お客さんも当時おしゃれじゃなかったっていうか……鉄火場っていうか。酔っ払ったおじさんがいたり。
全く面識ないはずなのに、騎手を下の名前で呼んだり、そういう親しい感じがいいなって。この世界に入ってみてある程度知り合いなんだろうなってわかったんだけど。
ばんばの醍醐味はヤジだと思う。ゴールまでずっとヤジがついてくるから本当に伝わってくるっていうか。(言われる方も)へこむだけへこむ。それが魅力だと思いますね。中央競馬ではなかなか(見ている)自分の意志を競技者側に伝えることができないっていうか。

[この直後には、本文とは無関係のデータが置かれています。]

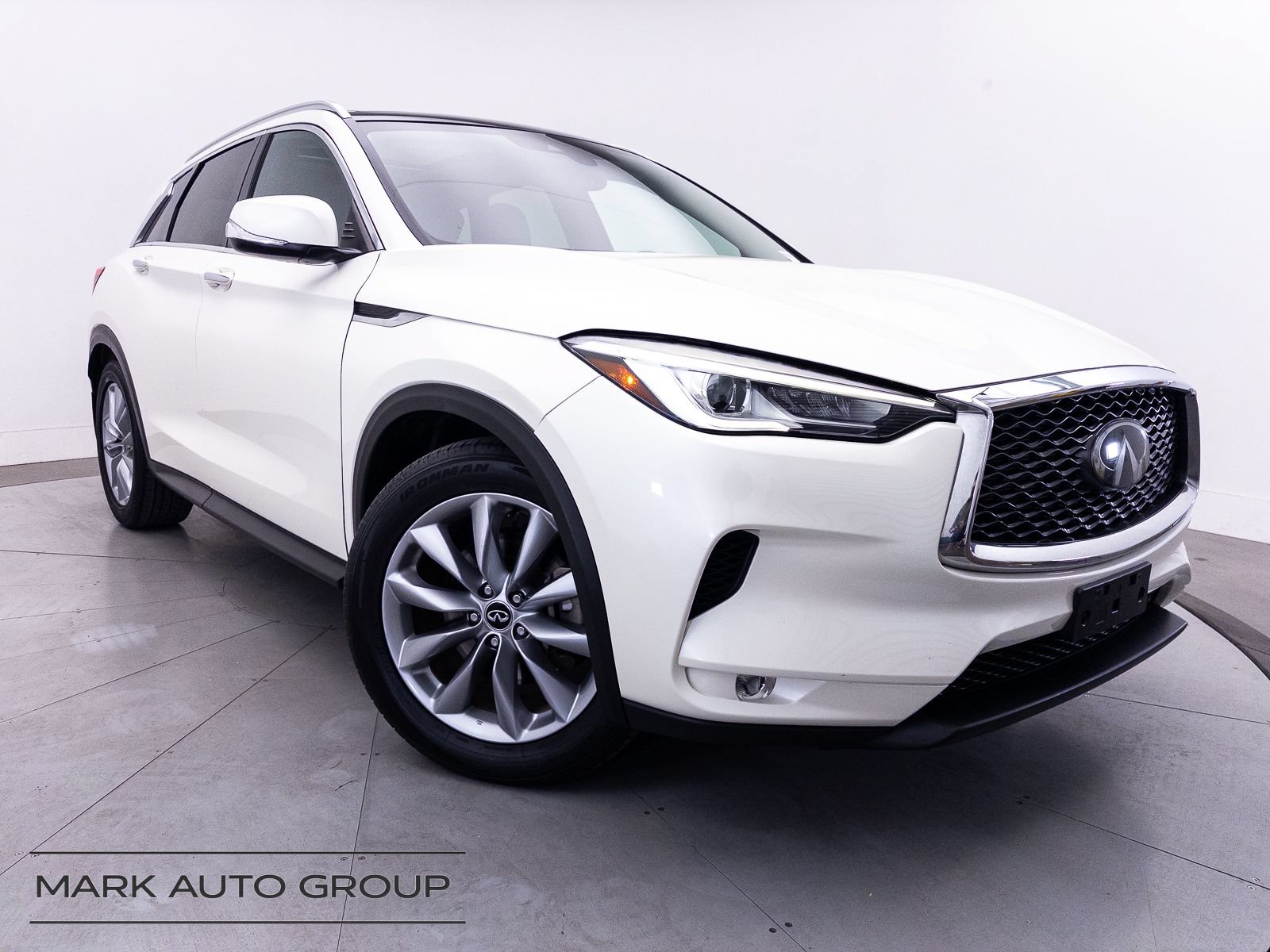 Used 2019 INFINITI QX50 Luxe w/ Cargo Package FWD image 1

お客さんの声援に惑わされて早仕掛けになったり、早く(障害に)かけろーって言われて我慢できずにかけちゃうこともあるし……そういった一体感をスタンドの内側にいる時から感じていましたね。入ってから余計そう思いました。
--- そして、思い切ってばんえいの世界に入りました。
競技として見ているうちに自分でやってみたくなってきた。高校出て5年、24になる年。

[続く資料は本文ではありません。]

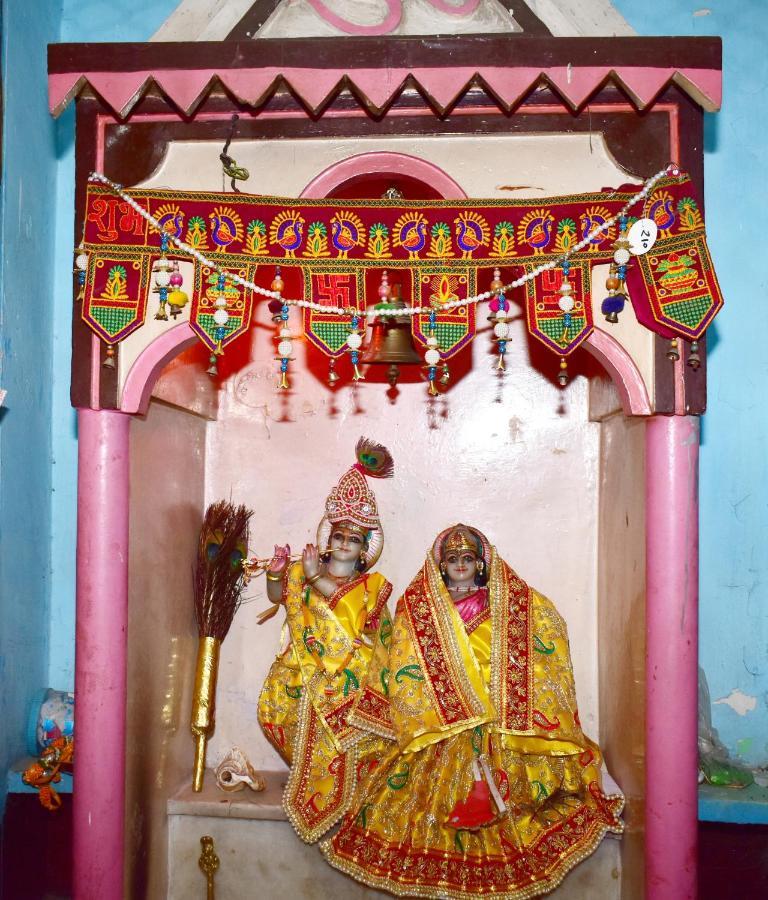 Sandhya Guest House Varanasi Near Ganga River מראה חיצוני תמונה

生まれた頃から馬を触ってるような人たちがいっぱいいるのに、僕はみんなが騎手になる頃にはじめて馬を触ったわけで。
すごい不安はあって無理かなと思ったんですけど、年齢的には何かに挑戦してみるにはギリギリかなと。逆にもっと若かったら迷ったかもしれないんですけど。
ばんばやってみたいんだって話を先輩にしてたんですよ。したら職場に、親が馬主さんと知り合いって人がいて道が拓けた。それまではどうやってこの世界に入っていいかもわからなかったんで。
もう騎手になる目的以外にはなかったです。
--- それにしては騎手になったのは早かったですよね?
当時、30歳で(負担重量)10kg減がなくなるって規則だったんで、28の時に受からなかったらこの世界はやめようとは思ってたんですけど、27の時に受かったのかな。だから早く受かったようだけど、自分としてはぎりぎりだった。
--- では思い出の馬を教えてください。
やっぱりシマヅショウリキ。バリバリの最強馬だった時に平場レースだけど乗せてもらえたっていうのが。

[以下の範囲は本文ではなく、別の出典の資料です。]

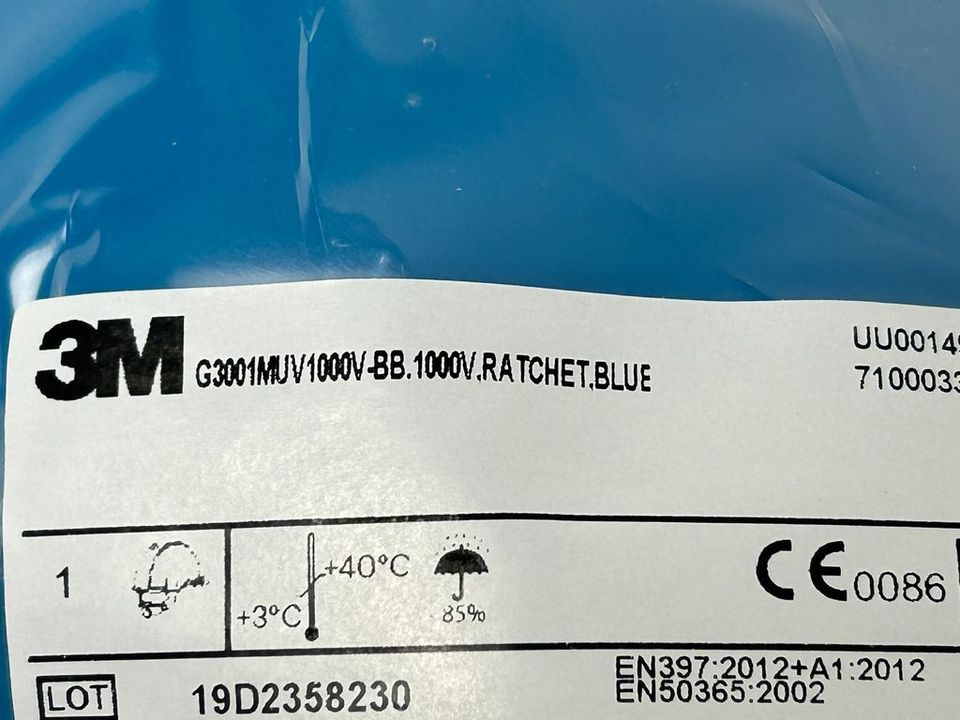 3M™  PELTOR™ G3001 Isolierter Schutzhelm Bauhelm blau 53-62 cm in Kölleda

前の晩眠れなかったし、周りからもなんでだ?って雰囲気がありましたね。
当時僕はまだまだ……今でもだめなんですけど、まだだめな、リーディング最下位にいる状態で。お客さんからも、一番いい馬に一番だめな騎手乗ってるようなヤジられ方もしたし。
重量を引いて値のある(力を発揮する)馬なんで、平場となるとやっぱりペースが速くて、勝負になる場面ではなかったんですけど。
--- 違いは感じましたか?
初騎乗以来の緊張だっていう程度で……自分はまだ、伝わってくる何かがわかるレベルじゃなかった。
--- では、厩舎村(競馬場の人たちが馬と共に住む場所)について教えてください。厩舎村が大好きだとおっしゃられていたのを聞いたことがあります。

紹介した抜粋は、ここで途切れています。